The present invention relates to a voltage drop detecting circuit, more particularly, to a voltage drop detecting circuit by which a drop in a voltage being monitored such as a supply voltage can be detected with a more accurate threshold value and which has such a structure as to permit incorporation into ICs.
In circuits having a memory backed up with a battery, it is necessary that the source of power supply to the memory is changed to the backup battery when the supply of power to the whole circuit is interrupted. The timing of this change may be determined by a voltage drop detecting circuit which, while monitoring the supply voltage, generates a voltage drop detection signal when the supply voltage has dropped below the operating voltage of the memory.
FIG. 3 is a block diagram showing a prior art voltage detecting circuit, in which reference numeral 1 designates a comparison circuit, 2 is a reference voltage generation circuit, and 3 is a detection voltage generation circuit.
The comparison circuit 1 is chiefly composed of a comparator; it compares detection voltage A with reference voltage B and outputs a voltage drop detection signal C if the detection voltage A is smaller than the reference voltage B.
The reference voltage generation circuit 2 is typically composed of a diode or a transistor and is basically intended to generate reference voltage B of a given value that is independent of the variation in the supply voltage.
The detection voltage generation circuit 3 is composed of resistors connected in series between a terminal connected to the supply voltage Vcc and a terminal connected to the ground (GND) and it generates detection voltage A by voltage division of the supply voltage Vcc through resistor change. The ratio between the resistances provided by the resistors is specified in such a way that the detection voltage A coincides with the reference voltage B when the supply voltage Vcc is equal to the threshold level to be detected.

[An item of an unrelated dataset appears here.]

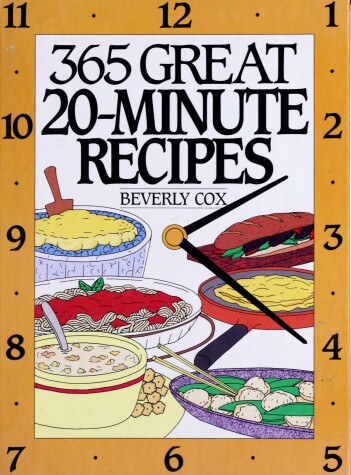 Book cover for 365 Great 20 Minute Recipes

Given the circuit structure described above, voltage drop detection signal C will not be produced as output when the supply voltage Vcc is of a steady-state value since the detection voltage A is greater than the reference voltage B.
However, if the supply voltage Vcc has dropped below the threshold level, the detection voltage A becomes less than the reference voltage B, causing voltage drop detection signal C to be produced as output.
Hence, the necessary processing may be performed at a timing equal to that of outputting of voltage detection signal C. To take the above-described case as an example, one may insure that the source of power supply to the memory is changed to the backup battery at a timing equal to that of outputting of voltage detection signal C.
A problem with the prior art voltage detector circuit is that the reference voltage generation circuit which is typically composed of a diode or a transistor experiences variations in the reference voltage from one product IC to another on account of the effects of fabrication process and the materials used. One of the methods that have been proposed to eliminate these variations is to repeat measurements and adjustments by laser trimming or some other suitable technique until the necessary precision is attained for individual ICs.
However, this method requires expensive facilities and a lot of steps, so the scope of its application is limited to areas of high added value such as measuring instrumentation. Hence, the voltage drop detecting circuit in general-purpose ICs of low added value has suffered from the problem that the threshold value for detection varies greatly from one IC to another.